コロナ禍の下で子どもの教育と教員の働き方を問うシンポジウムが7月18日、ウェブ上で開かれ、約700人が視聴参加した。名古屋大学の内田良准教授のユーチューブサイト「内田良の学校カエルちゃんねる」が企画。岐阜県の高校教員の西村祐二さんらが1年単位の変形労働時間制の導入を阻止するための取り組みを報告した。
内田准教授は、文部科学省が1月の中央教育審議会で(1)教員免許更新制度(2)学力テスト(3)標準授業数――など業務削減への検討項目を示したことを評価。「(休校の影響で)練習なしで卒業式を行うなど、業務削減のあり方がコロナ禍で見えてきた。子どもも教員もゆとりをもって安心して授業ができるようになってほしい」と語った。

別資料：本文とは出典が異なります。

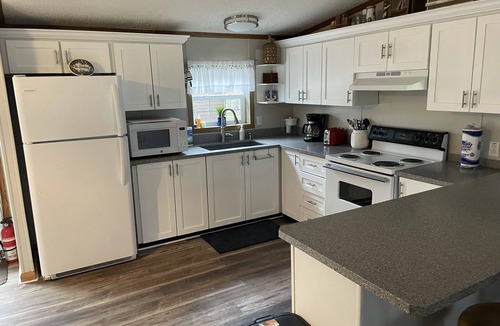 Put-in-Bay House | Well maintained house in Island Club just minutes from downtown PIB!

長時間労働や部活動問題をツイッター上で発信してきた西村さんは、公立学校の教員に導入可能になった1年単位の変形労働時間制について報告。「変形制で1日の所定労働時間を伸ばせば、(自主的活動と扱われる時間も)管理職が業務命令を出せるため、さらに仕事が増える可能性がある」と指摘した。
文科省が自治体に対し、導入を可能にする条例を9月議会で定めるよう促していることに触れ「県の教員に変形制を導入するかは県民が決める。地域社会で議論することが大事」と述べ、勤務地の岐阜県で、議会宛ての署名運動を開始するという。
日本労働弁護団常任幹事の嶋埼量弁護士は、教育は社会全体の課題であり、広く社会の理解を広げるべきと強調。制度導入について「社会に訴える方法は一つ。労働組合だ。組合は導入阻止の主体になるような強力な武器。教員個人でできることではない」と述べ、教員に組合への結集を呼びかけた。